From file frustration to streamlined data exchange: Rethinking the approach
Occasionally, everyone needs to handle data stored in files. CSV files seem like the way to go and are often the first choice – but I’d rather call them an anti-pattern.
Let’s say a customer requests an Excel report containing specific data. If this is a one-time thing, we can conveniently send it via email. In most cases, however, the data needs to be sent regularly. Not all clients use sophisticated software like Kafka; even when they do, we don’t always have access to it. So we need a solution that is both universally available and easily understood. SFTP and CSV files seemingly fit the bill.
This solution seems optimal for sending data to an external client. The problem arises when an internal application needs to integrate with ours, requires some data, and we decide to solve it by exporting CSVs. At first glance, this seems a low-hanging fruit.
Everyone can download a file.
Everyone can read a CSV.
It’s already developed.
While it may appear that simple, ultimately, it proves to be more costly than using a dedicated component for data exchange. I learned my lesson the hard way. I’ve worked on both applications that sent and received data via files. Here are some of the issues I discovered along the way.
The first thing we need is a place to store the data. Since our data is stored in files, it must be placed within a file system. The decision we face is whether to store the files on the producer machine, consumer machine, or an intermediary machine. Each option has its advantages and disadvantages.
Using the producer machine results in the consumer bearing the entire networking load. The consumer will need to periodically retrieve the data through a PULL operation. In the event of a network link failure, the producer will remain unaffected.

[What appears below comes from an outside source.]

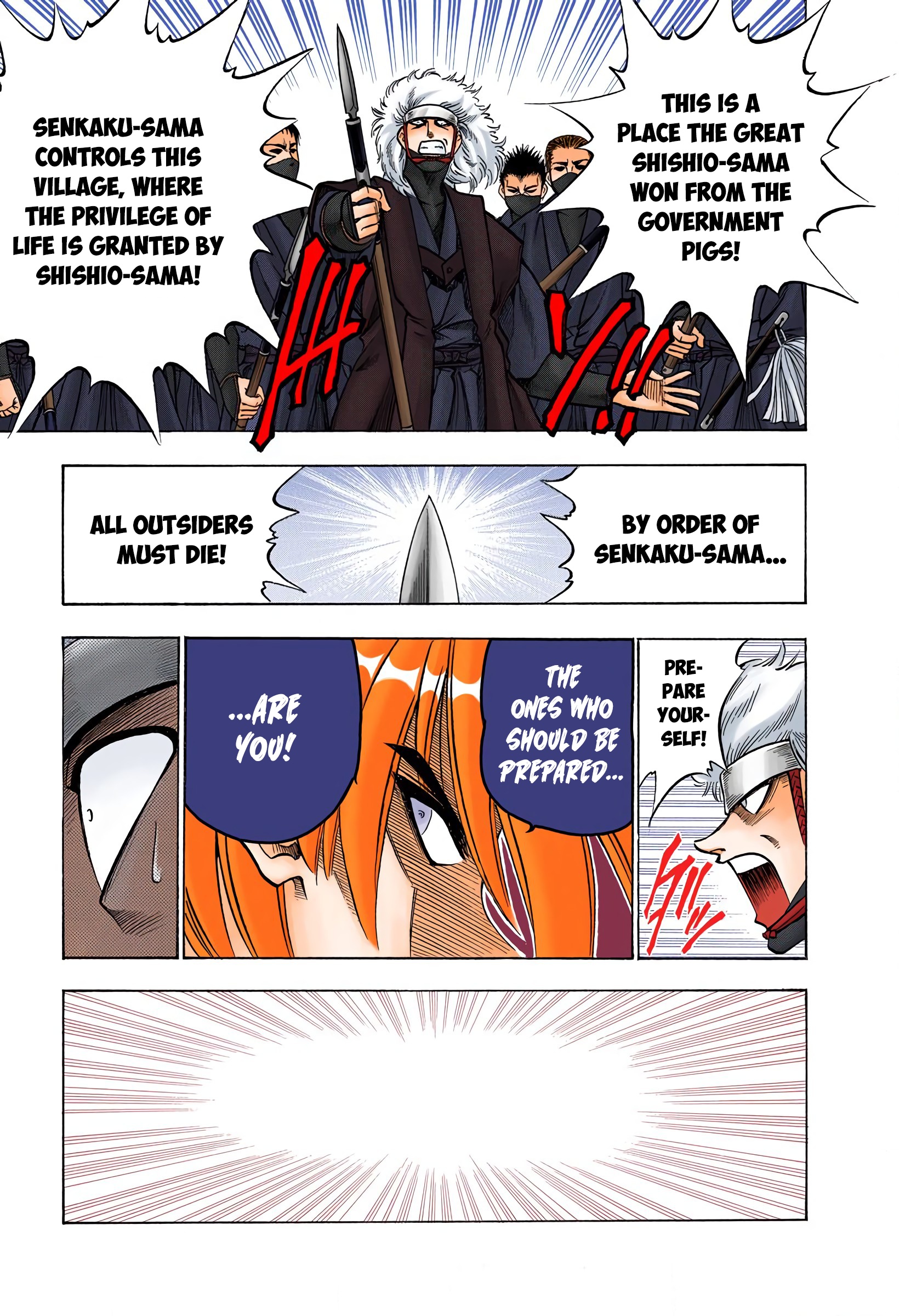 Rurouni Kenshin: Meiji Kenkaku Romantan - Digital Colored Comics - Vol.8 Chapter 66: An Abandoned Village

However, this solution has a drawback – when consumers are redundant, and there are multiple instances, each instance may attempt to download the same file. Consequently, the same data will be processed multiple times. To address this, each instance should reserve the file before initiating the download. This can be accomplished by appending a suffix to the file name or moving the file to another folder. Once the file is reserved, the consumer application can proceed with the file download.
Using the consumer machine puts all the networking burden on the producer. The producer needs to PUSH the data to the consumer machine once the file is created. The consumer machine can watch the local file system for changes and react when a new file is created. As a result, the push-based approach can yield a faster response by the consumer and does not put any networking burden on the consumer. Since the file is sent directly to the consumer instance, this approach does not need file reservation.
Pushing files to consumers also has a considerable downside – the producer must balance these files between the consumer instances. Implementing effective client-side balancing is a tough nut to crack. The producer would need to adapt its balancing strategy when a consumer instance gets offline or online and is added to or removed from the group.
Using an intermediary machine combines elements of both previously mentioned approaches. It eliminates the need for client-side balancing, but the consumer still needs to reserve the file before downloading it. The data storage is independent of both the consumer and producer, although both parties are still required to transfer files over the network.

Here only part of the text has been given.